2) Fill policy and partial fills
Gold can spike and liquidity can thin out. MT5 lets the broker fill you using policies like FOK (Fill or Kill), IOC (Immediate or Cancel), or Return. This changes whether you get filled at all, or whether you get partial volume.
Even if you trade small lots, the policy matters because it changes how the platform behaves when price jumps through your level.
3) Slippage/deviation settings (the hidden “permission” you give your broker)
Deviation is your tolerance for a worse price. Too tight, and you miss entries. Too loose, and you enter far from the signal.
For XAUUSD around $2650, a deviation of 20–60 points (often $0.20–$0.60 depending on digits) can be reasonable in calm conditions. During London open or data releases, you may need more—or you should avoid market entries entirely.

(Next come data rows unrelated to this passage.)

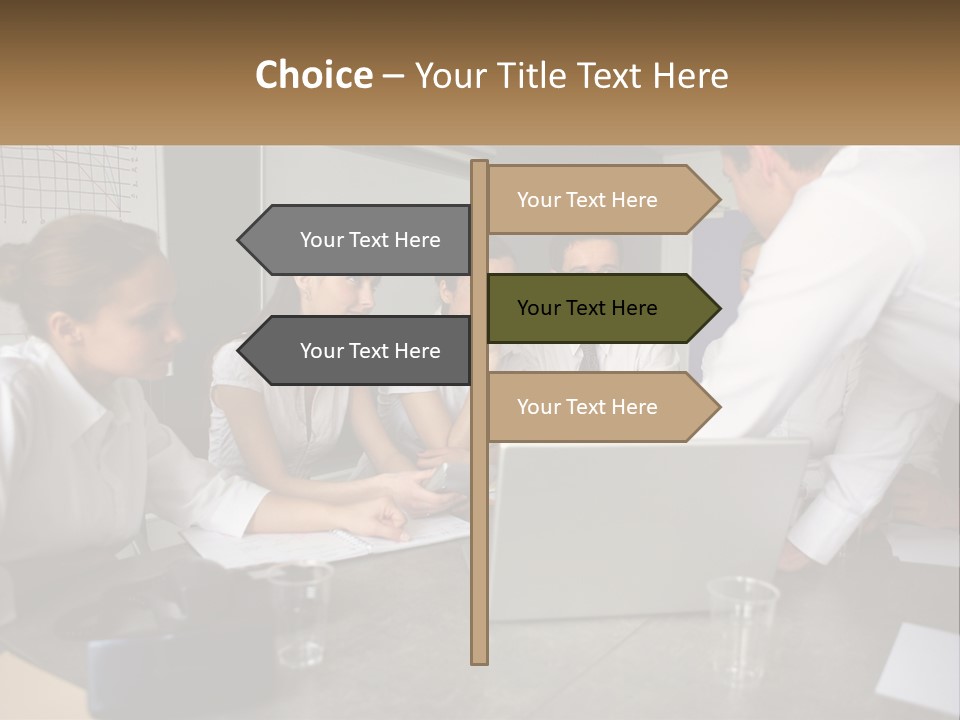 A Group Of People Sitting Around A Laptop Computer PowerPoint Template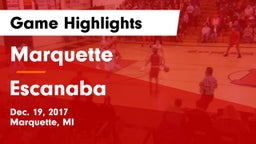 Marquette  vs Escanaba  Game Highlights - Dec. 19, 2017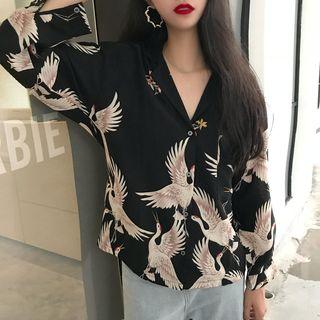 V-neck Crane Print Blouse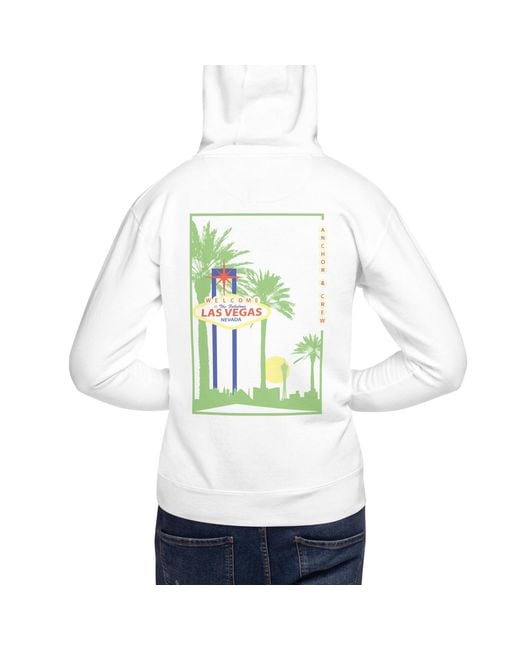 Anchor and Crew Green Las Vegas Landmark Cotton Blend Hoodie for men
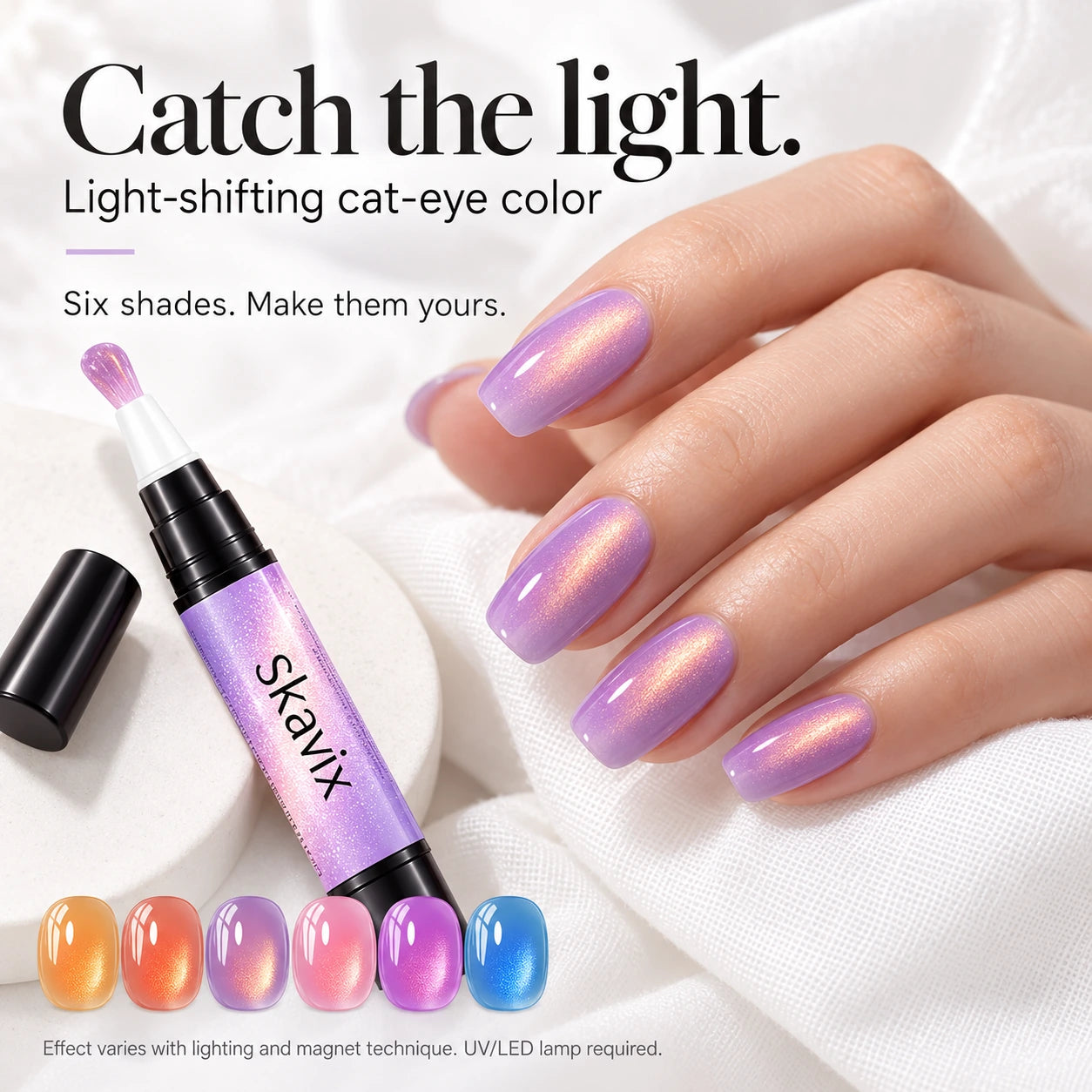 Lavender cat-eye manicure with a luminous reflective finish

4) Stop/limit distance rules and freeze levels
Some brokers enforce minimum distances for SL/TP (stop level) and also freeze modifications near current price. If your signal uses a tight SL (say $10–$12), your broker may reject the SL placement, forcing you to place it later and changing risk.
5) Netting vs hedging mode (MT5)
MT5 accounts can be netting (one position per symbol) or hedging (multiple positions allowed). If your provider scales in/out with multiple entries, a netting account will combine them, affecting partial closes and average price.
If you want to follow Telegram signals precisely, you usually want MT5 hedging mode or MT4 (which is naturally hedging).
MT4 vs MT5 for XAUUSD: the execution differences that actually matter
Most “MT4 vs MT5” articles talk about timeframes and indicators. That’s not what makes your gold signal match or mismatch.
For signal followers, the key differences are: order ticket behavior, fill rules, and position accounting.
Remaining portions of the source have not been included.